Syncytium-inducing (SI) phenotype suppression at seroconversion after intramuscular inoculation of a non-syncytium-inducing/SI phenotypically mixed human immunodeficiency virus population

Abstract

Two distinct biological phenotypes of human immunodeficiency virus (HIV) have been described: the non-syncytium-inducing (NSI) phenotype, best characterized by the inability to infect MT-2 cells, and the syncytium-inducing (SI) phenotype, with the ability to infect MT-2 cells. The earliest virus population observed following HIV transmission is generally of the NSI phenotype, even after exposure to inocula of mixed NSI/SI phenotype. In this study, the issue of intrapatient selection of virus phenotype following transmission was addressed by studying two cases of accidental transmission. A comparison of the sequences of the V1-V2 and the V3 coding regions of the envelope gene and the p17 region of the gag gene showed that the donor-recipient pairs were tightly clustered in all gene segments, but away from local and published transmission controls. The intrasample variation of the p17 sequence was greater in the recipients and smaller in the donors than that of the V3 region sequence, indicating selection of V3 at transmission.
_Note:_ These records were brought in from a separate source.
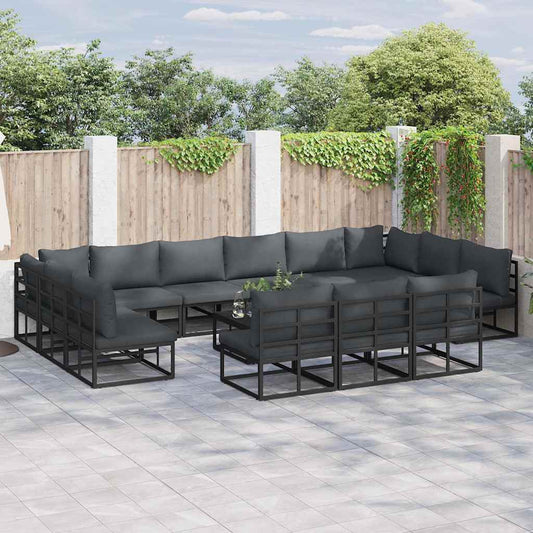 Garden Sofa Set 13 pcs Black Aluminium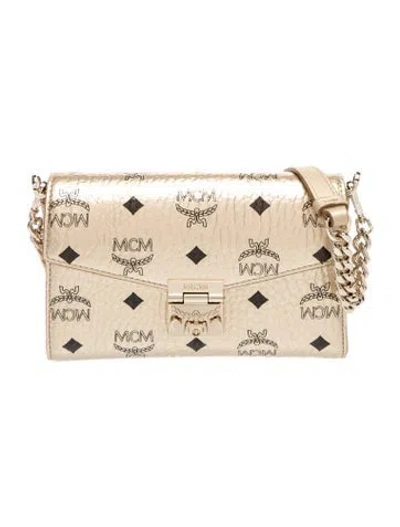 Pre-owned Mcm Visetos Crossbody Bag In Gold/metallic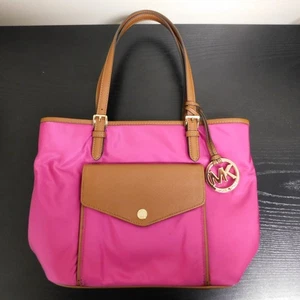 Michael Kors Jet Set Nylon Pink Fuschia Medium Pocket Purse Tote Bag - Bild 1 von 7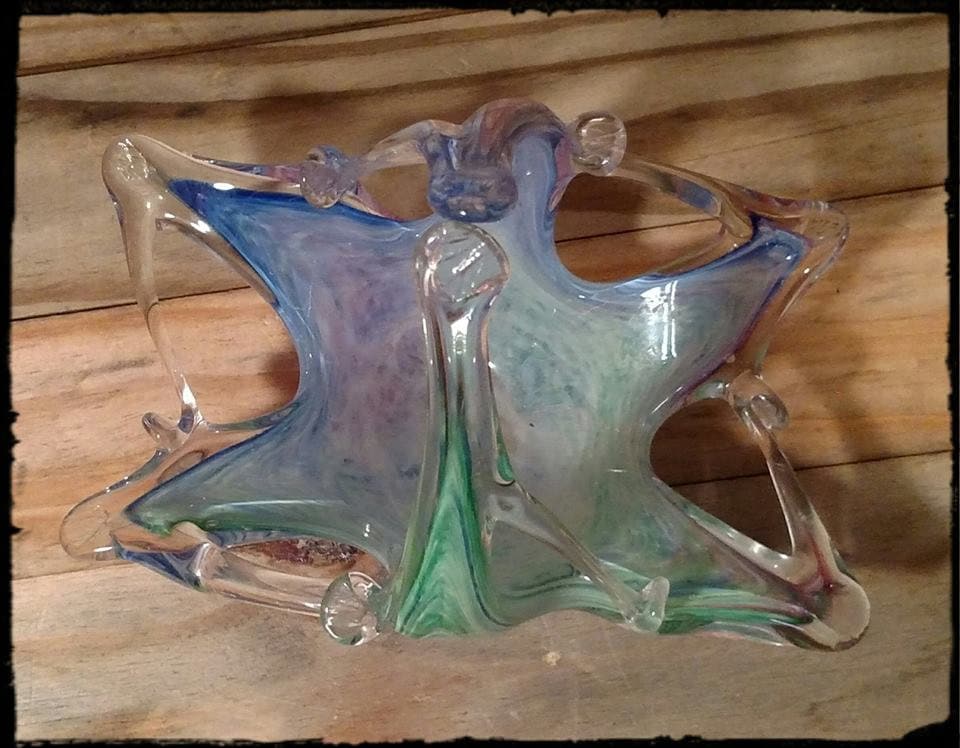 Collectible Hand Blown Glass Candy Dish / Glass Candy Basket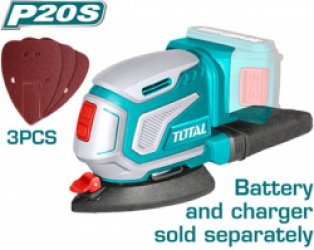 Total - Schuurmachine 125mm - Multischuurmachine - Palmschuurmachine - Detailschuurmachine - Lithium ion 20V - 13000/min - Losse body inclusief 3x schuurpapier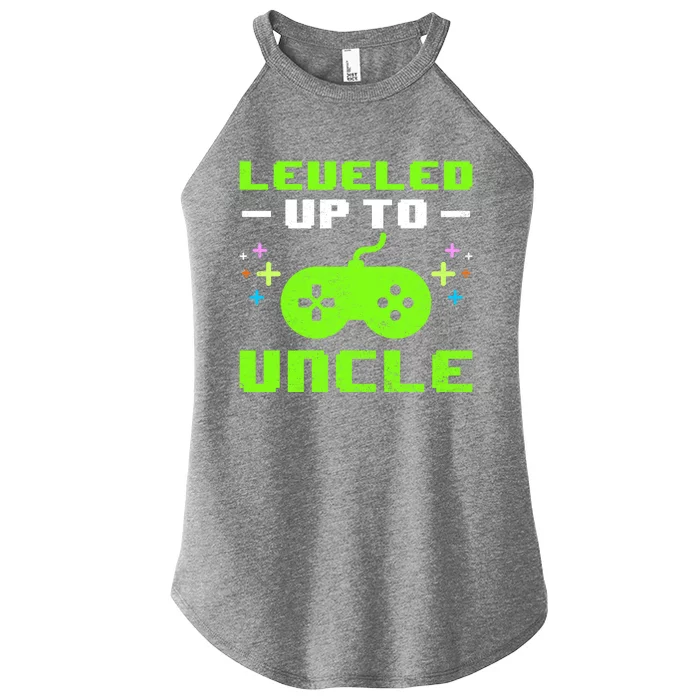 Leveled Up To Uncle New Uncle Gaming Promoted To Uncle Gamer Cool Gift Women’s Perfect Tri Rocker Tank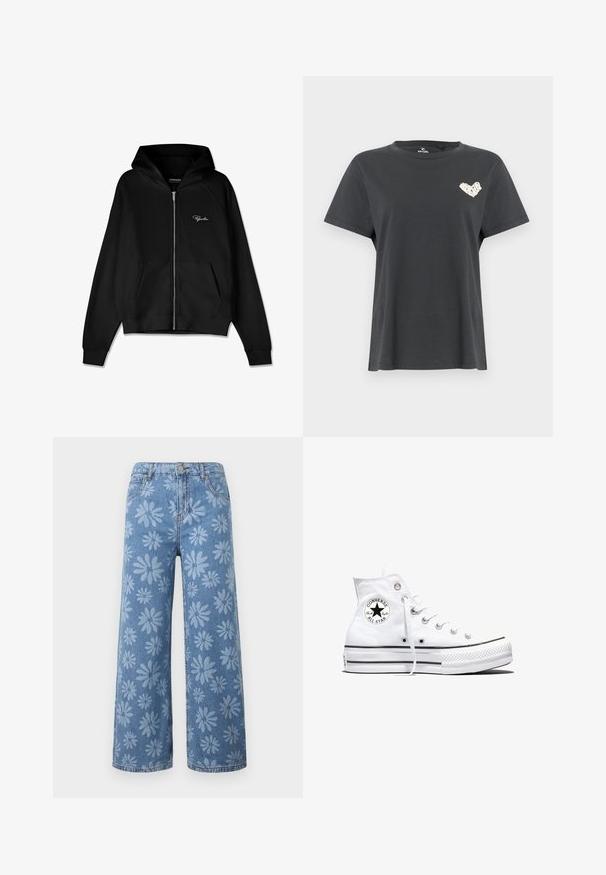 Sudadera con cremallera negra de textura acanalada, con bolsillos tipo canguro y una capucha grande. Presenta un logo blanco en la parte superior izquierda.; Camiseta negra de manga corta con cuello redondo y pequeño diseño de corazón blanco en el pecho izquierdo.; Vaqueros anchos de pierna ancha en denim azul con patrón floral de margaritas en azul claro, bolsillos frontales, trabillas para cinturón y cierre con botón.; Zapatilla blanca de caña alta Converse Chuck Taylor All Star con parche de logo negro y cordones blancos, presentada sobre fondo blanco.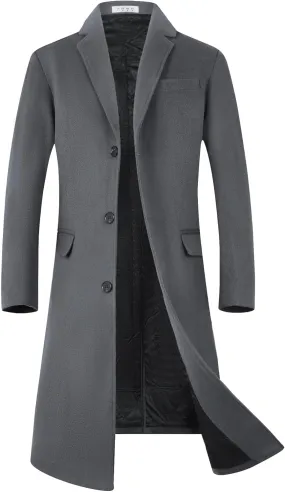 ELETOP Men's Trench Coat Long Wool Coat Winter Classic Overcoat Top Pea Coat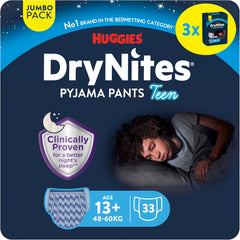 Scutece Huggies DryNites Nighttime pentru enurezis, pentru băieți de la 13 la aproximativ 17 ani (48-60 kg), 33 de bucăți (3x11), pachet lunar Jumbo, chiloți XL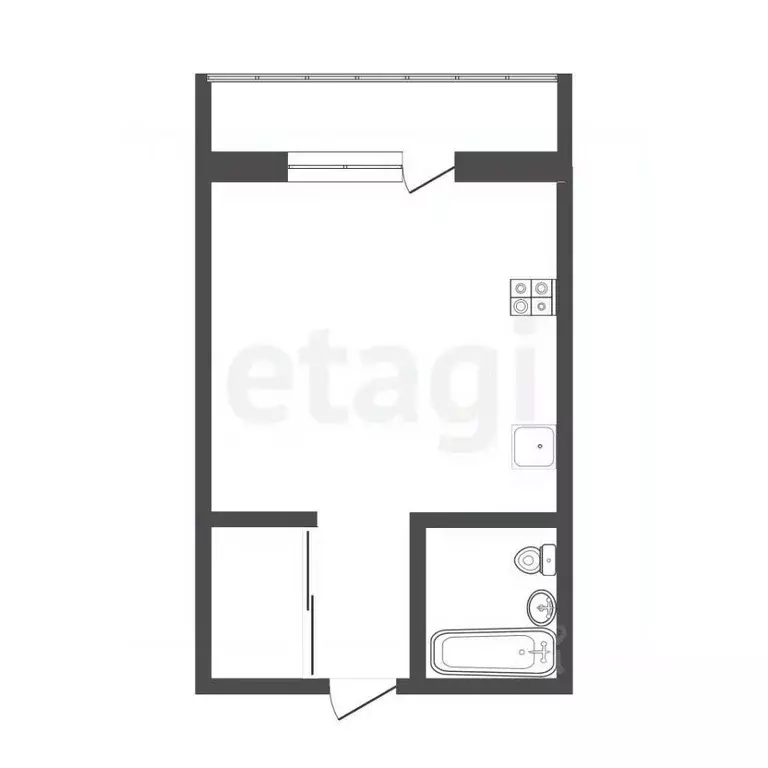 Студия Тюменская область, Тюмень ул. Верхнетарманская, 3 (29.2 м) - Фото 2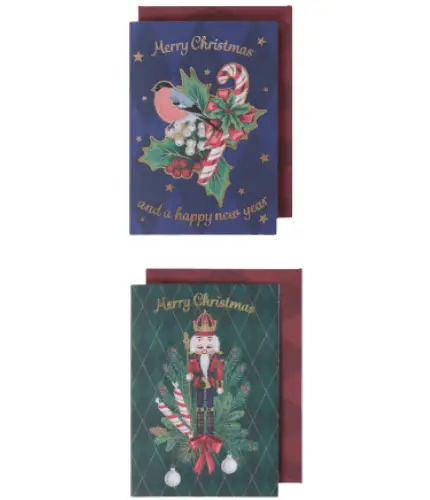 Lot de 2 Cartes de Voeux avec enveloppes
In these transmission cases, the effects of an intravenous inoculation of a small quantity of blood containing predominantly SI V3 sequences (6 of 8 clonal sequences) were compared with those of an intramuscular inoculation of a large quantity of blood containing predominantly NSI viruses (14 of 16 clonal sequences). Both SI and NSI V3 regions were demonstrated to be phenotypic expressions of genetically related viral strains. The inoculation of the predominantly SI virus population resulted in the persistence of an SI virus population in the recipient and a rapid CD4+ T-cell decline. The inoculation of the predominantly NSI population resulted in a selective amplification of SI viruses before seroconversion, followed by a suppression of SI viruses at seroconversion and a rapid decline of CD4+ T-cell numbers. These data suggest that the suppression of SI viruses can be accomplished following the development of HIV-specific immunity and that the ability to suppress SI viruses does not prevent the development of immunodeficiency.